_INFORMATION SHOWN:_
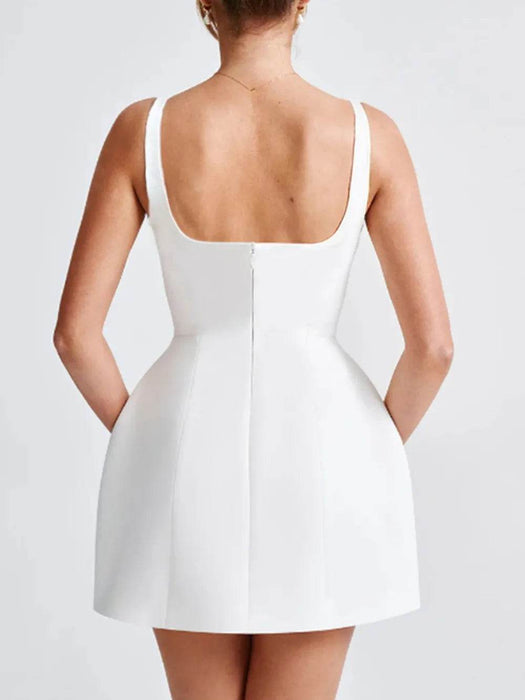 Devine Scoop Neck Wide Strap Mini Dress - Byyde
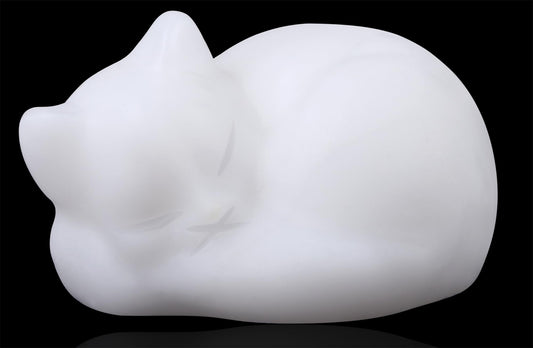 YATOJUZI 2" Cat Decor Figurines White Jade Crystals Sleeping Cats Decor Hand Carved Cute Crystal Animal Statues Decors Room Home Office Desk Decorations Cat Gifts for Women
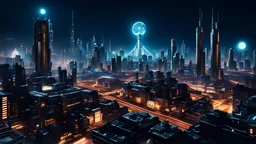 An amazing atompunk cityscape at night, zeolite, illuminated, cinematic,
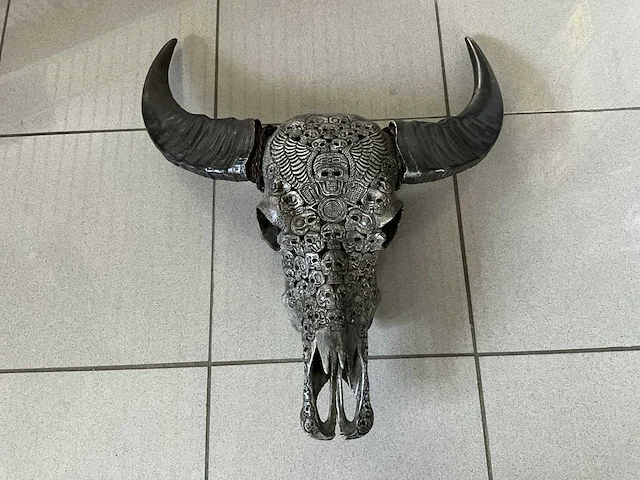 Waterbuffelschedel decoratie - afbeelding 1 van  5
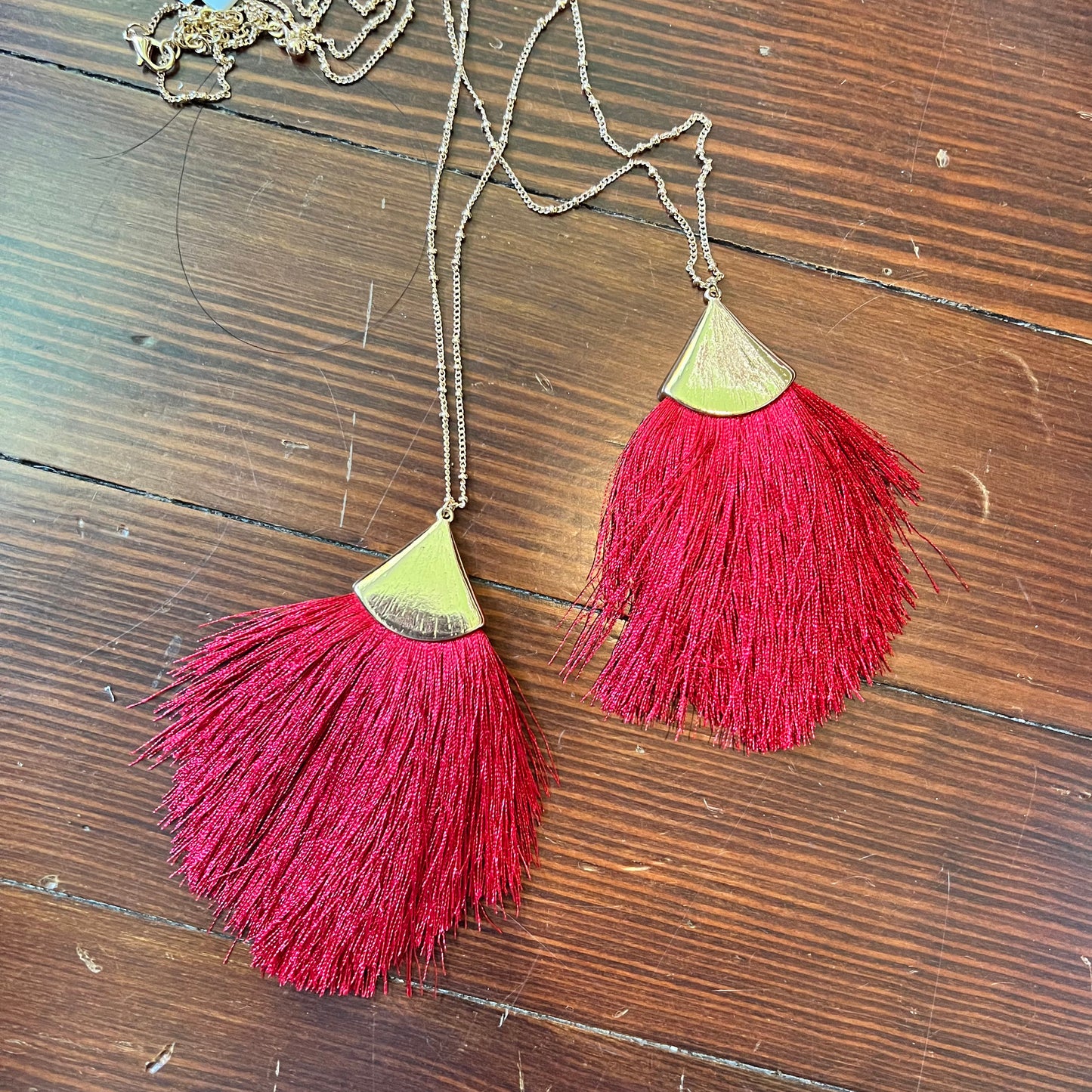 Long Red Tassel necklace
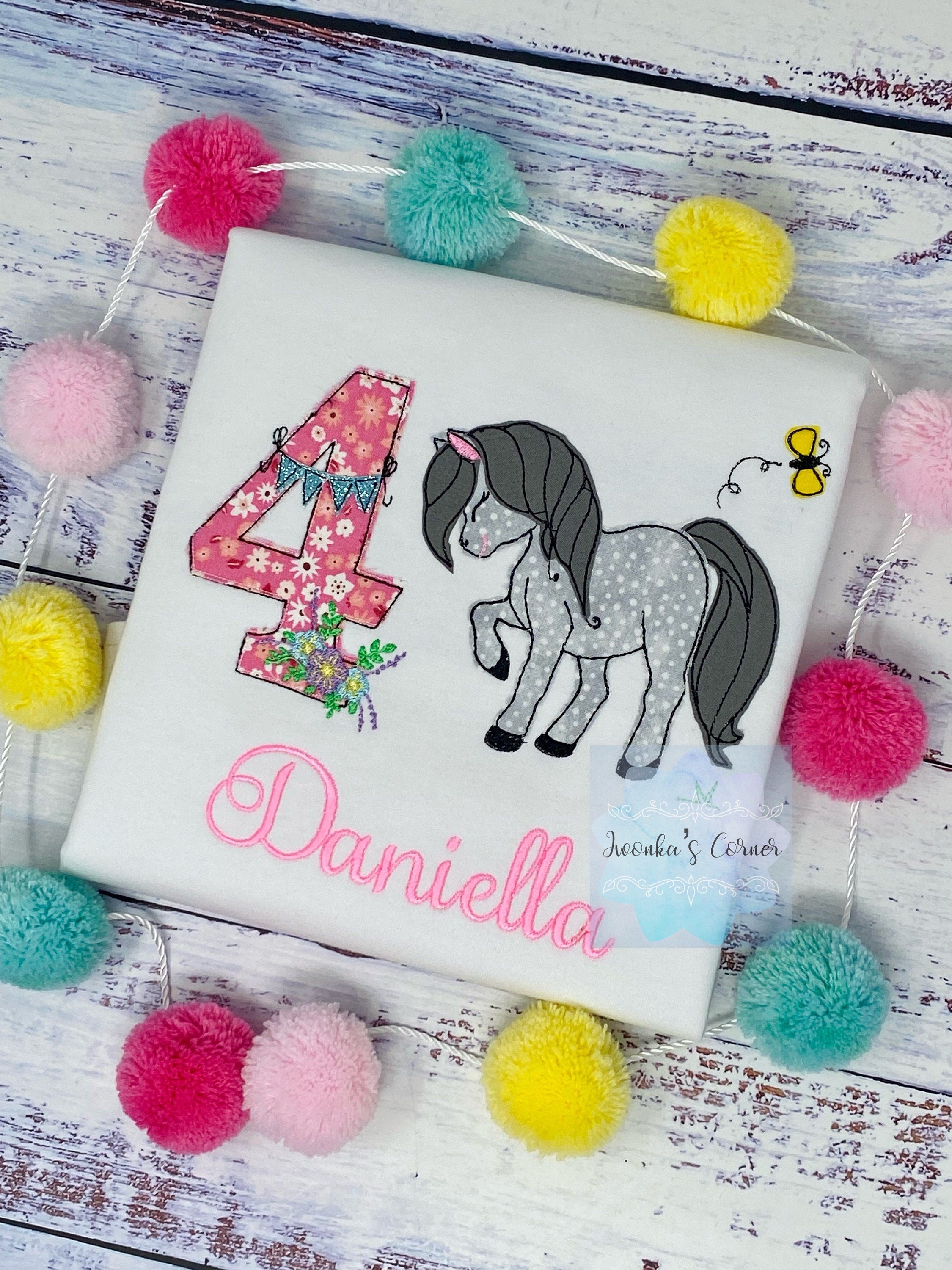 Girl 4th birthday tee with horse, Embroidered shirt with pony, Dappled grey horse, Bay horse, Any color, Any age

_PROBLEM DESCRIPTION:_
Repeat the listing above word for word and leave its images out.

_TASK RESPONSE:_
 Devine Scoop Neck Wide Strap Mini Dress - Byyde
 YATOJUZI 2" Cat Decor Figurines White Jade Crystals Sleeping Cats Decor Hand Carved Cute Crystal Animal Statues Decors Room Home Office Desk Decorations Cat Gifts for Women
 An amazing atompunk cityscape at night, zeolite, illuminated, cinematic,
 Waterbuffelschedel decoratie - afbeelding 1 van  5
 Long Red Tassel necklace
 Girl 4th birthday tee with horse, Embroidered shirt with pony, Dappled grey horse, Bay horse, Any color, Any age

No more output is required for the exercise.